グーグルは6月7日、地図情報サービス「Google マップ」が7周年を迎えたことを記念して、「Google マップの進化と未来」と題する記者発表会を開催。これまでGoogle マップに実装されてきた数々の機能やそれらを支える技術、また米国時間6月6日に発表された新機能などを紹介した。
2005年2月に米国でサービスを開始したGoogle マップ。日本では2005年6月に「Google Earth」が公開され、同年7月にGoogle マップが開始された。2006年時点で37%だった世界におけるエリアカバー率は、現在75%まで拡大。2011年11月末には、駅構内や空港といった屋内を閲覧できる「インドア Google マップ」もリリースされた。
さらに、人の目線の高さで街や施設を360度見渡すことができる「ストリートビュー」機能を実装。原爆ドームやコロッセオといった世界遺産のほか、アマゾン川や南極大陸など旅行でもなかなか行くことができない地域もサポートしている。

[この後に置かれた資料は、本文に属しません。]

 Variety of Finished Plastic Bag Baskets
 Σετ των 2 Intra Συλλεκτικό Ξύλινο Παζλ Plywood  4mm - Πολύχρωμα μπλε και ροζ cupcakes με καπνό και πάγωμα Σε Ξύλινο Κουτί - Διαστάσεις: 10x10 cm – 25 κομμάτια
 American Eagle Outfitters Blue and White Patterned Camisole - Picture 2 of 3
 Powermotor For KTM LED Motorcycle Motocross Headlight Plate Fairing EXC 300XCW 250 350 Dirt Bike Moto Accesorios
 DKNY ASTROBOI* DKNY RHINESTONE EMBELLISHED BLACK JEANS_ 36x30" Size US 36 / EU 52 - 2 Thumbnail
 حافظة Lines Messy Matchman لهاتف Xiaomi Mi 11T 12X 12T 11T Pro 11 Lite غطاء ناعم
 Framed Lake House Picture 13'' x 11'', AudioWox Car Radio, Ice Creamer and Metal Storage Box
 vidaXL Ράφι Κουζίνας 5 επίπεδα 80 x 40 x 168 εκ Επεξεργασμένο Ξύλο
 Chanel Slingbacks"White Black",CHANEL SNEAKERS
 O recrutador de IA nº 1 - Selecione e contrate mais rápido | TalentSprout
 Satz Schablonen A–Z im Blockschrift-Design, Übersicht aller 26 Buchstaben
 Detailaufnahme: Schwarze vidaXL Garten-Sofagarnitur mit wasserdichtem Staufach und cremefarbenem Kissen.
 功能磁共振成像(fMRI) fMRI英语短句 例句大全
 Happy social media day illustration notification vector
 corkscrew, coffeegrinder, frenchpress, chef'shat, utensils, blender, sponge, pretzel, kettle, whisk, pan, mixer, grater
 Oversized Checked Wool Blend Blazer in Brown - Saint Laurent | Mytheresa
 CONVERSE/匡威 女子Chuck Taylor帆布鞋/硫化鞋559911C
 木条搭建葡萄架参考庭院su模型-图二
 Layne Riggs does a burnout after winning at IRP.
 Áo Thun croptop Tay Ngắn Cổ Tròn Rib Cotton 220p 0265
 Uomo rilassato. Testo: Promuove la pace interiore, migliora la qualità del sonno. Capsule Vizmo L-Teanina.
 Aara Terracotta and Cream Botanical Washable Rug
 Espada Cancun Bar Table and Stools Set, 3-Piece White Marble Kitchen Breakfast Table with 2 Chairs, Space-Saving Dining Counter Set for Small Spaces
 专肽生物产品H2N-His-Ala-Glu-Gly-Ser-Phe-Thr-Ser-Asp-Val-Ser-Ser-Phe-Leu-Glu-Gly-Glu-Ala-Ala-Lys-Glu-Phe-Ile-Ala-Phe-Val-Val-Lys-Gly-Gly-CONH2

Google マップを担当するグーグル ソフトウェアエンジニアの後藤正徳氏によれば、ストリートビューは現在39カ国をサポートしており、撮影のためにストリートビューカーで走行した距離は800万キロメートルにおよぶという。また、こういったストリートビューや航空写真などのデータ量の合計は20ペタバイト(2000万ギガバイト)におよぶそうだ。
同社ではこれまでストリートビューの撮影のために、自動車やスノーモービル、ボートなどさまざまな機材を使用してきたか、新たに人が背負うリュックにカメラを搭載した「トレッカー」を発表。これにより、登山道など車では入れない地域もカバーできるようになるとしている。
米国時間6月6日に発表されたモバイル Google マップの「オフラインモード」と、モバイル版Google Earthの新たな3D技術についても語られた。
オフラインモードは、モバイル Google マップで事前に目的の地域の地図データをキャッシュすることでオフライン環境でもマップを利用できる機能。ロンドン、シドニー、ニューヨークなど100カ国に対応しており、Androidスマートフォン向けに6月末にもサービスを開始する予定だ。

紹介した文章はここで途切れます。